Actually, he could probably function for a year or more, he told himself. But his condition would be conspicuous before then. He'd been noticing it for a couple of months, himself, and had ascribed it to the job.

Then, on Friday, he'd had that physical exam that Singleton had urged. He needed to tell Lois about it. Today would be good. But it was no time to tell the nation.

FIFTY-FOUR

Resigning wasn't just a matter of writing a statement, signing some forms, and saying "I quit" before cameras in the Oval Office, but Haugen didn't make a production of it, either.
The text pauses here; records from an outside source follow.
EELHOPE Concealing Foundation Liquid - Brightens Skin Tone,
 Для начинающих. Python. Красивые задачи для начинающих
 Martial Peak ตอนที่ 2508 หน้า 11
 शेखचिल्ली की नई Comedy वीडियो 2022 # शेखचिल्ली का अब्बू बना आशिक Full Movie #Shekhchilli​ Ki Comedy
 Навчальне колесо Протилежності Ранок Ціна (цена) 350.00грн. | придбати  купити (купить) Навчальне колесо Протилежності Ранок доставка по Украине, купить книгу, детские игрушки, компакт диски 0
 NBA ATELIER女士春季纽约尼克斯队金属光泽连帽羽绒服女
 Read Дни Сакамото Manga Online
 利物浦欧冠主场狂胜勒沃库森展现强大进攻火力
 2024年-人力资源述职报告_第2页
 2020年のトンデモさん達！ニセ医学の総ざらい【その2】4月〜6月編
He simply told the nation that "the old man" had been waiting to "sleep late, lie in the sun, and fish a lot." And since the recovery had really picked up steam, and people were making things go right, and he had a vice president who could not only do the job—Cromwell could have too—but who was happy to do it, it was time for him to leave.

It didn't involve a turnover of government, with extensive briefing of the new president. Valenzuela had been part of the government, and had been acting as president for more than two weeks. And like Haugen, he inherited a functioning, in-place executive office staff that was dedicated and efficient. Only John Zale and Stephen Flynn left when Arne Haugen did, and neither had been part of the regular executive staff.

It was a breezy morning in mid-March when Arne and Lois Haugen, private citizens, disembarked from the shuttle copter at Andrews Air Force Base and walked thirty yards to the Rockwell T-39. Arne suspected it was the same executive jet that had brought him to the capital less than six months before. That had been at night in a rain storm; now white clouds sailed briskly across day-blue sky, the air seeming to chill whenever one of them cut off the sun.

The government was flying the Haugens home to Duluth, with the six Secret Service agents assigned to them. (Stephen Flynn had left for Albany the day before to visit his parents.) The Haugens' departure had not been announced, and the press was not there. They'd said their goodbyes to the White House domestic staff, and to Milstead, and to Martinelli who, wet-eyed, had hugged her ex-boss—gently, for he still wore a cast and had pins in his left shoulder blade.